6 GB CompactFlash Card
At the annual Photo Marketing Association show in Las Vegas last week, SimpleTech announced the first 8 GB CompactFlash card. This memory card features a controller that writes data at a speedy 10 MB/sec and has a price tag, $6,000, to match its huge size. This is ten times the cost of most high-end PDAs and smartphones. A card of this size and price is aimed at professional photographers, as it is out of the price range of most mobile device users.

Memory card prices drop fairly quickly, however, as new capacity highs are always being reached. SimpleTech expects to start producing these cards in the second quarter. It'll come with a lifetime warranty.

SandDisk Storage High's & Low-Costs
SandDisk also made some announcements at the Photo Marketing show. SanDisk's products fall more in line with what handheld users might be willing to spend on memory cards. First up, the company plans to launch a line of low-cost CompactFlash and SD cards called the Shoot & Store line. The first products in this line include 32 MB Secure Digital and CompactFlash cards for $14.99, available at your local pharmacy or grocery store, with 64 MB memory cards to appear later in the year for $24.99. SandDisk also plans to add other types of expansion memory, including Memory Stick Pro, to the Shoot & Store line in the future.

At the other end of the spectrum is SanDisk's recently announced 4 GB CompactFlash card, which is slated to be available in April for $1000. Five grand cheaper than the proposed 6 GB card from SimpleTech.

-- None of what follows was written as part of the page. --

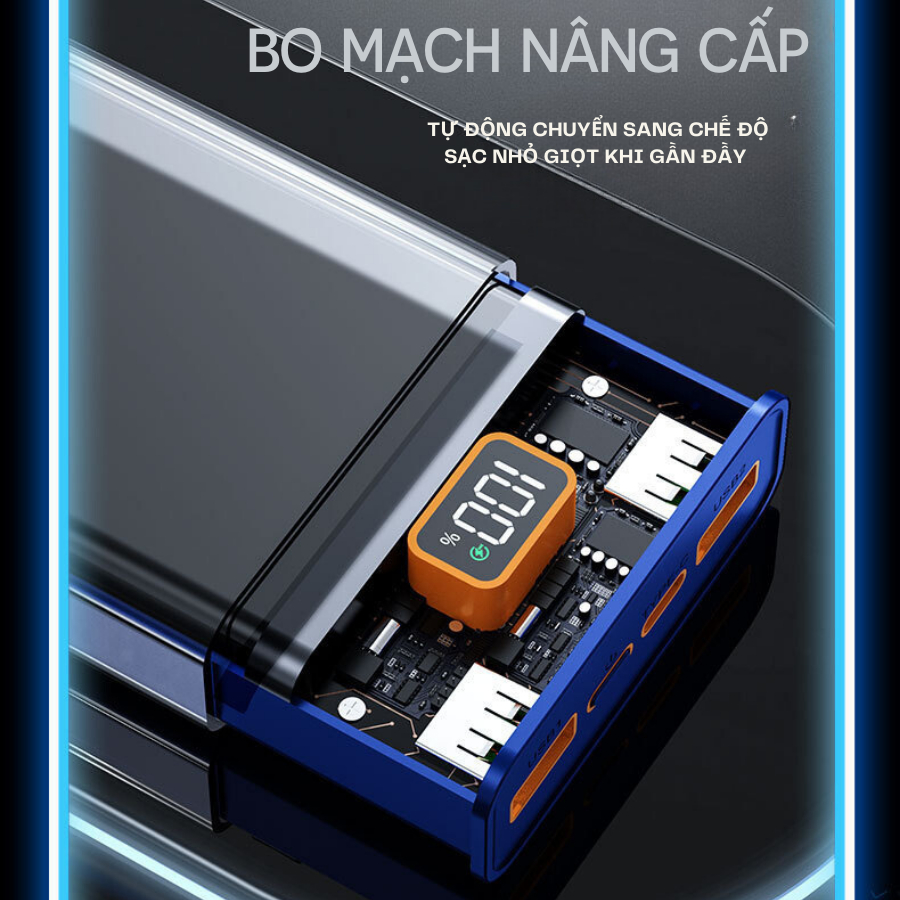 Box sạc nhanh 2 pin lipo 1160110 PD3.0, QC4.0 - 22,5W trong suốt công nghệ mạch cao cấp cơ chế bảo vệ cân băng pin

A switch on the card will let users choose between two 2GB volumes or a single 4GB volume. Unlike Lexar's announced Type II CompactFlash card in this capacity, SanDisk said its 4 GB card will be Type I, which will allow it to work with all CompactFlash slots.

In related news, last month SanDisk started shipping a 1 GB Secure Digital card, doubling the previous storage high for SD cards from 512 MB. The price of the new Secure Digital card is $500.

4 GB IBM MicroDrive
IBM, which helped launch mini hard drives in the CompactFlash format, plans to start selling a 4 GB MicroDrive. This drive is four times IBM's previous high of 1 GB. Hitachi announed its version of the 4 GB MicroDrive last year.

Unlike other types of CompactFlash media, a MicroDrive includes an actual hard rive to store data rather flash memory. This makes the media slower, but a lot cheaper. For instance, the new 4 GB MicroDrive costs $499, half the price of SanDisk's new 4 GB CompactFlash card.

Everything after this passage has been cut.